While CDW’s recent Core to Cloud Summit event in Las Vegas was ostensibly focused on cloud and data center technologies, there was a great deal of discussion among both presenters and participants about the people behind the machines. How are organizations tackling the difficulties of filling highly technical IT staff positions in a job market where there are too few candidates available with the requisite skill and experience? Is this tiny pool of talent a bug or a feature of the future IT job market? How will organizations address future staffing needs? Lots of questions and conversations, but few answers.
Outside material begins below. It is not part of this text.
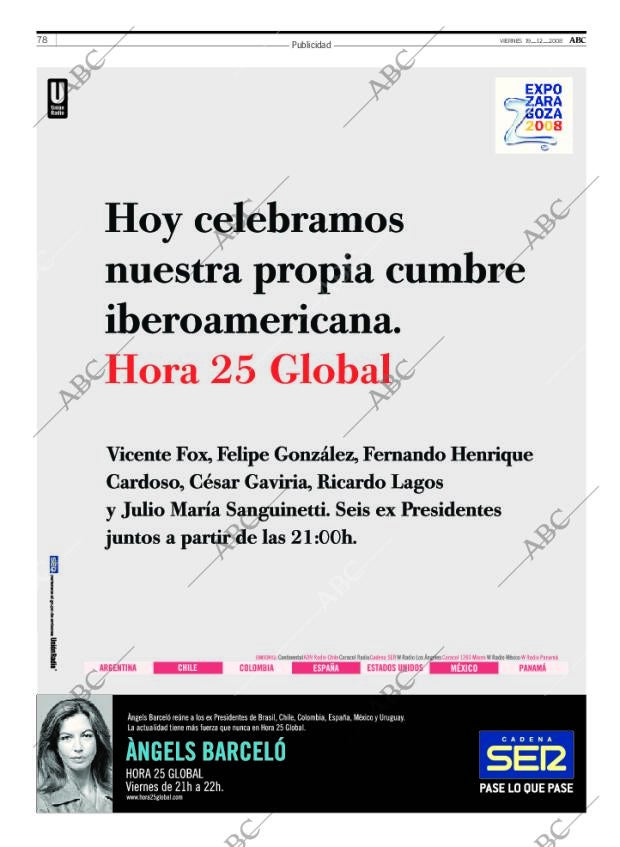 ABC CORDOBA 19-12-2008 página 78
Applying Automation to Staff Shortfalls
Mike Palmer, chief product office at Druva, touched on the current IT labor market during his presentation “Why the Cloud Continues to be a Better Option for Data Protection.” One of his slides compared the top-paid IT certifications from 2008 to 2018, noting a clear shift from more generalized certs like Microsoft Certified Architect to AWS Certified Developer and Google Certified Professional Cloud Architect. IT operations continue to grow more complex and specialized, and organizations are finding it more difficult to recruit workers to meet their needs.
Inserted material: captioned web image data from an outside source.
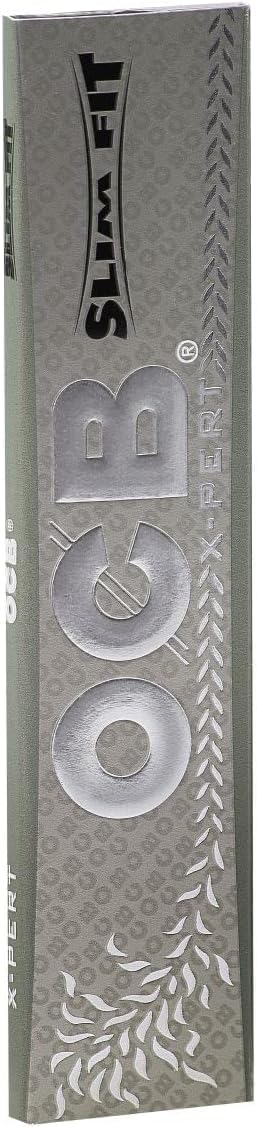 OCB Zigaretten Papier, Grau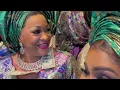 Rain of DOLLARS in Toronto as Segun Johnson thrills guests at 50th Birthday of BISI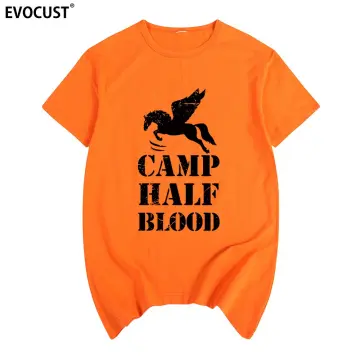 Camp Half Blood Cosplay Percy Jackson Rick Riordan - Camp Half Blood  Cosplay - Long Sleeve T-Shirt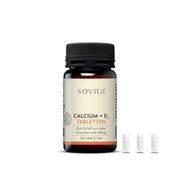 Produktabbildung: Sovita Calcium + D3 Tabletten 100 St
Automation has been one way that companies have tackled this scarcity of IT talent. Organizations have started leaning on new technologies such as artificial Intelligence (AI) and machine learning (ML) to handle responsibilities previously allocated to IT teams. Cybersecurity offers a good example of this shift. With experienced security specialists in high demand and not enough talent available, automated security solutions have been developed to fill the gap, automating time-intensive security activities like threat intelligence, configuration management, and incident detection and response.
The Problem with Machines
As AI and ML continue to evolve, they are set to shoulder a greater burden of IT responsibilities. The Core to Cloud event’s keynote by Judy Spitz, founding program manager at the Initiative for Women in Technology and Entrepreneurship in New York at Cornell Tech, touched on this advancing tide of AI that is blurring the boundaries between human-centered and machine-enabled work. She portrayed AI in a positive light, as an augmenter of human ability extending our productivity, rather than playing into the notion of AI replacing humans in their job roles.
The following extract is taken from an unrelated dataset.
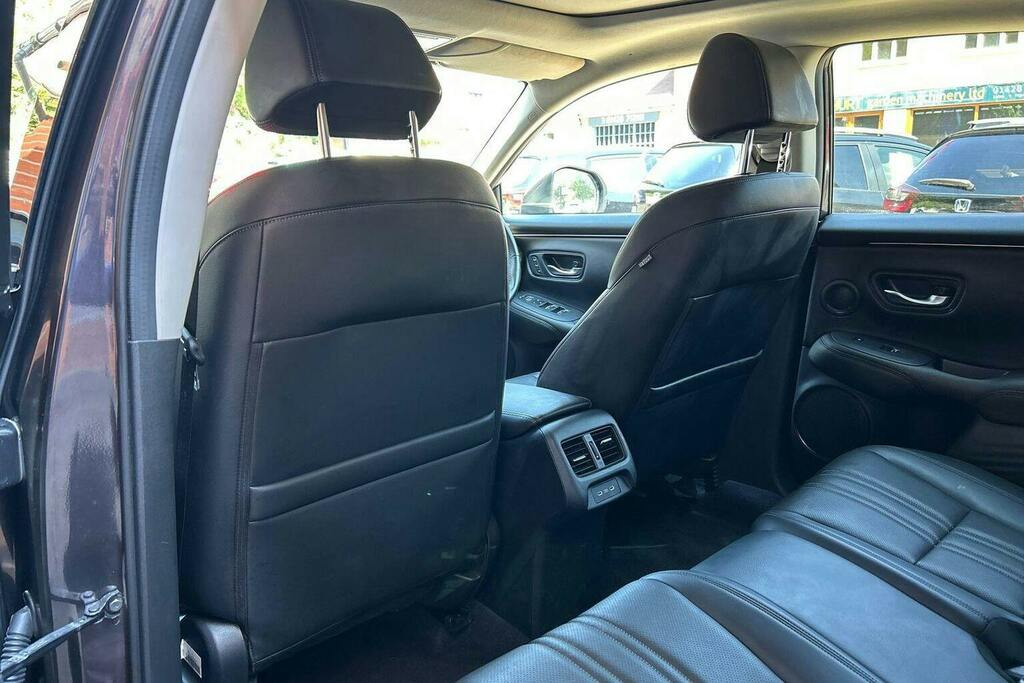 Honda Zr-V 2.0 H I-mmd Sport Suv Hybrid Ecvt Euro Red #26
But in many of its current iterations, AI and ML’s wondrous benefits are undercut by what Spitz termed “algorithmic bias.” People tend to view machines as inherently neutral and fair, while their fellow human beings are seen as biased. Applying algorithms to business processes holds the promise of quicker decision-making without the human subject bias. Unfortunately, the large data sets that underpin these technologies are produced by humans and are, therefore, flawed from the start by their inherent biases.
AI and ML have been applied to the hiring process to speed up and automate what’s a very labor-intensive process, with mixed results. Amazon canceled a project that was using AI to vet job applications because the application was consistently downgrading female candidates.
Growing Workplace Diversity
The issue of algorithmic bias comes at a time when companies are looking to grow a more diverse workforce. More companies are beginning to connect the dots linking diversity in the workplace to a stronger bottom line, greater outputs from their teams and improved recruitment opportunities. Working within teams that have diversity — whether it is gender, race, sexual identity, age, experience or background — requires staff to have soft “people” skills that are difficult for computer applications to evaluate. Applying AI and ML to hiring doesn’t appear to offer much assistance in efforts to grow diversity in the workplace.
These technologies certainly have their place in IT operations, but like so many new technologies, companies need to allow the hype to dissipate so they can see more clearly where to plug them in. Human being will always be needed, especially for the subjective, unique — diverse — perspective that each of us brings to everyday business challenges. The machines will never be able to replace that.